The Matt and Ramona Show is a syndicated U.S. radio program hosted by Matt Harris and Ramona Holloway at radio station WLNK in Charlotte, North Carolina. The show is owned by Greater Media and runs live on over 60 nationwide affiliates from 6 to 10 AM ET.

The Matt and Ramona Show is designed for contemporary music stations with a mix of music and conversations targeting a 25- to 44-year-old audience. Each hour contains two to three songs.

==History==
In March 2000, Matt Harris teamed up with partner Ramona Holloway at WNVZ in Virginia Beach. The next year, The Matt and Ramona Show was launched on Charlotte’s WLNK. In the first two years, the team had gone from number eight to number one with age 25-54 adult demographic, doubling the average commercial rate in the time slot.

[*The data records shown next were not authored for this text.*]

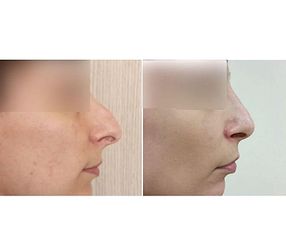 Korekta nosa - NawMedica - Klinika Chirurgii Plastycznej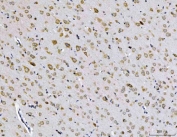 IHC staining of FFPE rat brain tissue with EIF3A antibody. HIER: boil tissue sections in pH8 EDTA for 20 min and allow to cool before testing.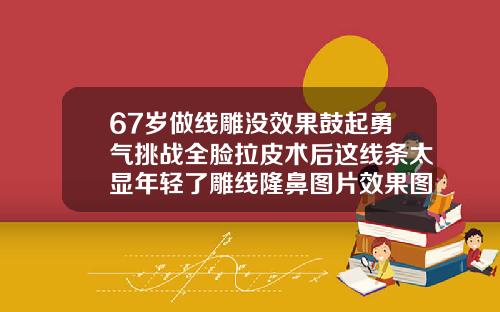 67岁做线雕没效果鼓起勇气挑战全脸拉皮术后这线条太显年轻了雕线隆鼻图片效果图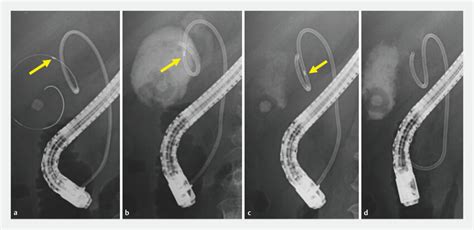 One Step Gallbladder Aspiration Irrigation In The Process Of Endoscopic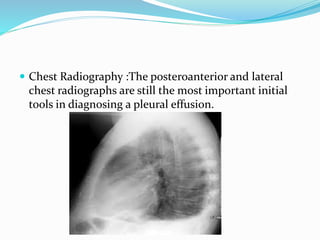  Chest Radiography :The posteroanterior and lateral
chest radiographs are still the most important initial
tools in diagnosing a pleural effusion.
 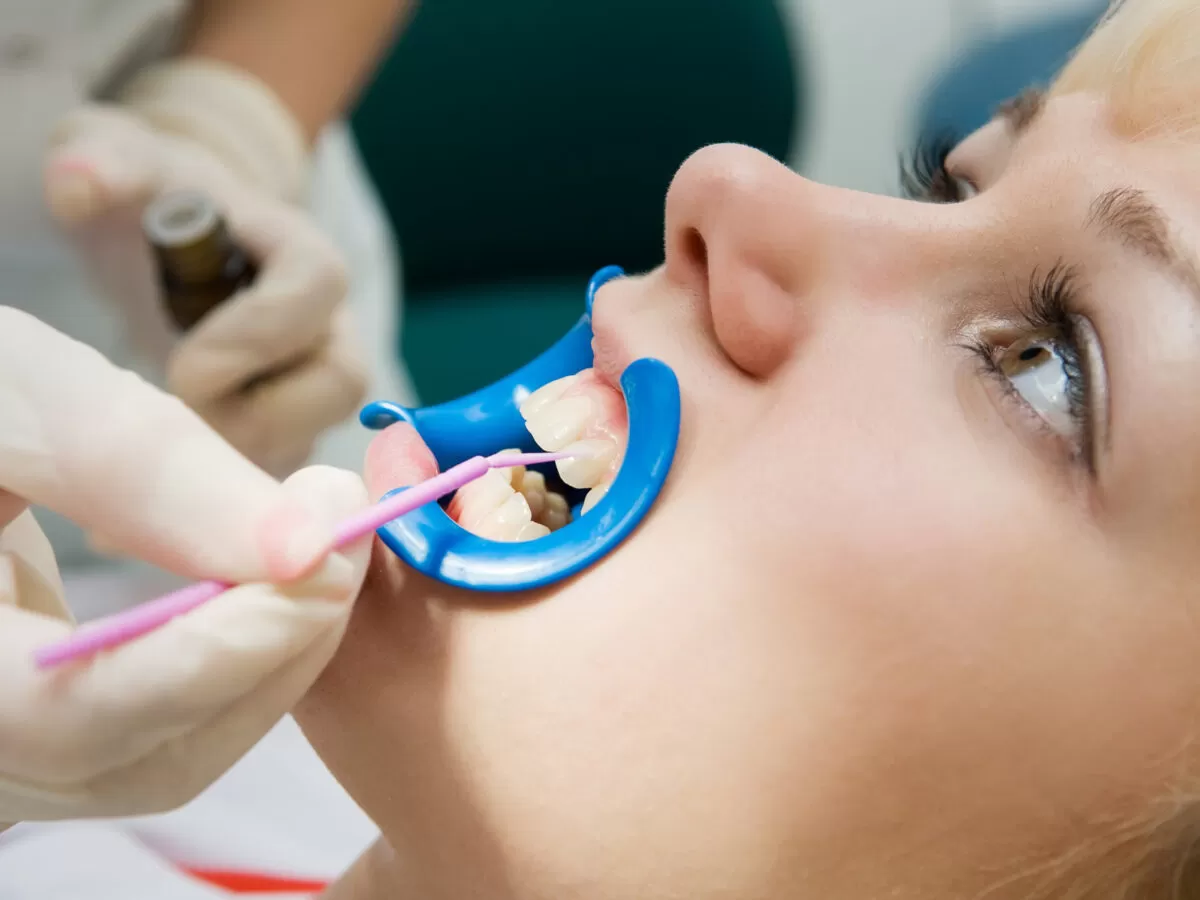 dental sealants in strathcona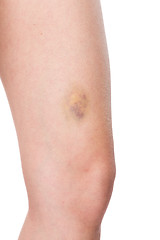 Image showing Woman nursing an injured bruised grazed knee 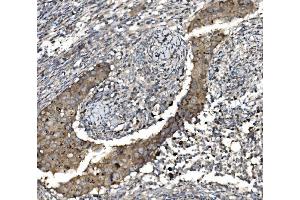 IHC analysis of Claudin 3/CLDN3 using anti-Claudin 3/CLDN3 antibody (ABIN7599626).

After 20 years as an afternoon show, The Matt and Ramona Show moved to mornings in May 2021.

==The Cast==

===Matt===
Matt Harris was born in Doylestown, Pennsylvania and graduated from Lock Haven University. He has been on radio since 1983 and is a columnist for a parenting magazine called Little Ones. He has a wife, Amy, and 2 daughters, Addison and Avery.

===Ramona===
Ramona Holloway was born in Oberlin, Ohio, but raised in Somerset, New Jersey. She attended Penn State University. Aside from The Matt and Ramona Show, Ramona also hosts "The Satisfied Life" along with Pam Stone and Sharon Decker.

===Doc===
Kary "Doc" Bowser Jr. is the co-producer of The Matt and Ramona Show. Although born in Burlington, New Jersey, Bowser was raised in the South from the age of 4. Bowser was an intern with The Matt and Ramona Show before joining the show as a producer.

===Wheezy===
Louise "Wheezy" Holloway is Ramona's mom. Louise is a retired school teacher and hosts the “Wide World of Wheezy” segment on The Matt and Ramona Show. A running gag on the show is Wheezy's cougar-like behavior.

===Pete===
Pete "The Angry Pitbull" Kaliner was born in a West Islip, New York. He attended Winthrop University in Rock Hill, South Carolina. Kaliner has won several industry awards from the Associated Press and the Radio-Television News Directors Association of the Carolinas - which named him the 2006 North Carolina Journalist of the Year.

==Frequent Guests==
- Matt Bean is a senior editor for Men's Health magazine.
- Jane Madey is an astrologist.
- Chris Miller fills in for Pete Kaliner doing the news when Pete is out.

==Awards ==
The Matt and Ramona Show has twice been honored by the critics and readers of Creative Loafing newspaper as Charlotte's best afternoon show. Ramona was also named Charlotte’s Best Radio Personality by Charlotte Magazine in 2003 and 2008. Ramona also won the Gracie Award for radio comedy in 2009.

==Features==
The Matt and Ramona Show offers 'themed days':
- Tirade Tuesday features listeners phoning in and venting their frustrations.
- Wide World of Wheezy on Wednesdays features Ramona's mom, Wheezy, giving tips and advice on a range of topics.
- Intimate Issues on Thursdays features listeners sharing their opinions on topics involving intimacy and romance.